:: Available records
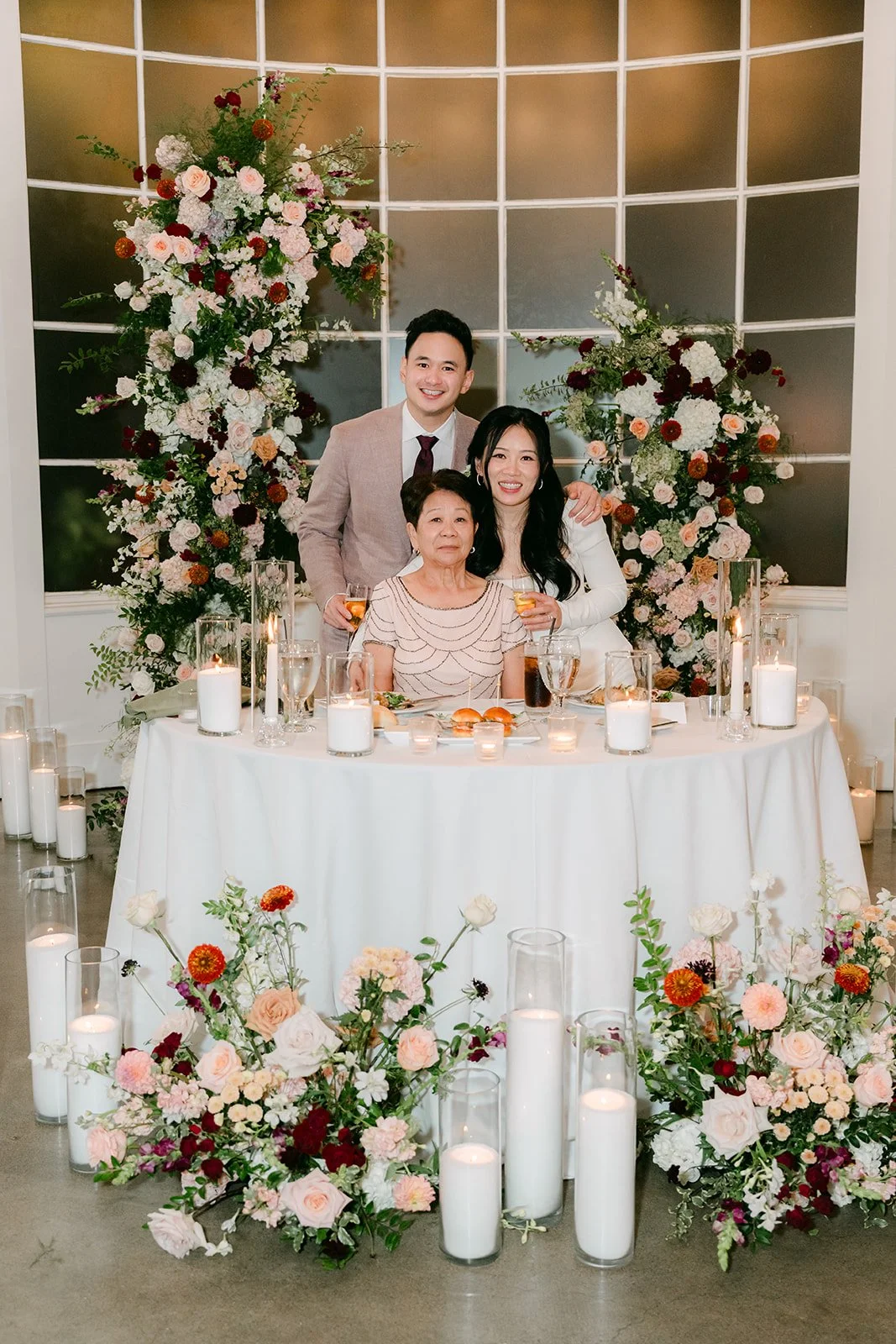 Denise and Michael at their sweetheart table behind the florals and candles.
::::
:: Available records
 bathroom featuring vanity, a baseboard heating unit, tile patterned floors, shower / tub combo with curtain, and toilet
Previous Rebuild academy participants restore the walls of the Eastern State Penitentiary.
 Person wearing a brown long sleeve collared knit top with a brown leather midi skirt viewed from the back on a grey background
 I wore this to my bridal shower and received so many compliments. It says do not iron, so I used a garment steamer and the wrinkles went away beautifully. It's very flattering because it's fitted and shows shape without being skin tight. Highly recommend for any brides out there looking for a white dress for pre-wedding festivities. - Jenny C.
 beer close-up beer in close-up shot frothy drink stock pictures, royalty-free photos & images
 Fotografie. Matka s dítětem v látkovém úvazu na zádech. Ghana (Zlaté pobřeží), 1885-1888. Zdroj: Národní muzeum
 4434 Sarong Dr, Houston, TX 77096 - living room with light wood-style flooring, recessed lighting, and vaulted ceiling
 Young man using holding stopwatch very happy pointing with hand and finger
::::
:: Available records
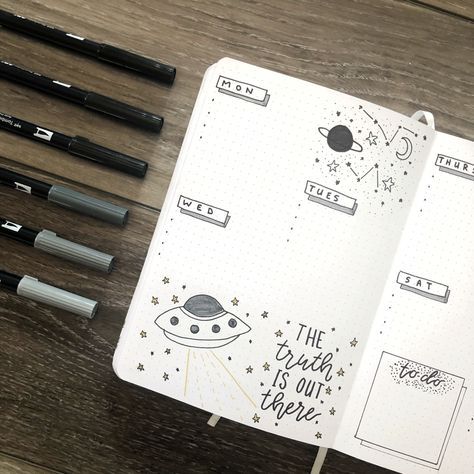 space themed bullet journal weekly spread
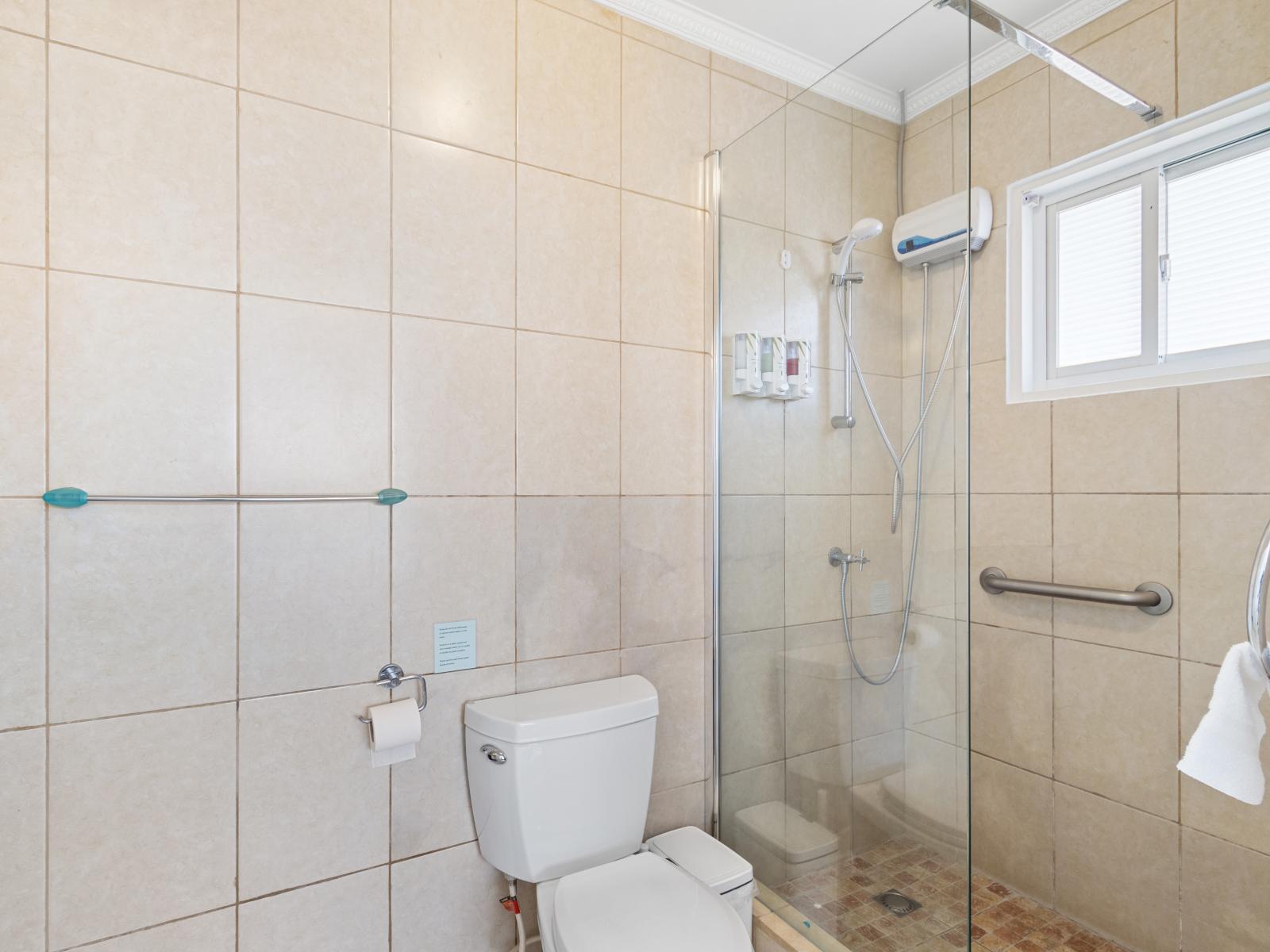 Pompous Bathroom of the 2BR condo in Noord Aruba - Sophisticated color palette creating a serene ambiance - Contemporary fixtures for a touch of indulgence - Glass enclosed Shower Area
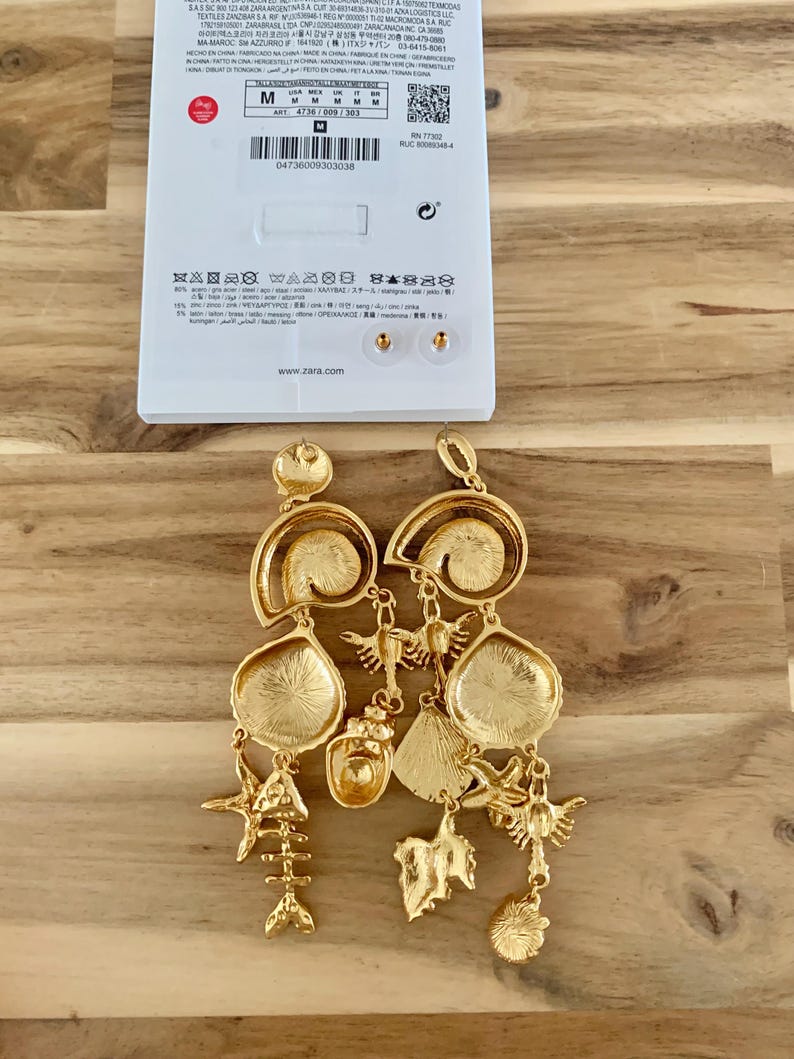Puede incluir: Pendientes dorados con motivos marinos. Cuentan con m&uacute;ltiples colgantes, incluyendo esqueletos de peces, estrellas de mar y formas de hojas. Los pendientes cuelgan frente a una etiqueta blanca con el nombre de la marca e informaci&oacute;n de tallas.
::::
— Your objective —
Above are the records. Copy the lines beginning at the one that has "4434 Sarong Dr, Houston, TX" and ending with the one that has "Young man using", unchanged.

— Exercise response —
 4434 Sarong Dr, Houston, TX 77096 - living room with light wood-style flooring, recessed lighting, and vaulted ceiling
 Young man using holding stopwatch very happy pointing with hand and finger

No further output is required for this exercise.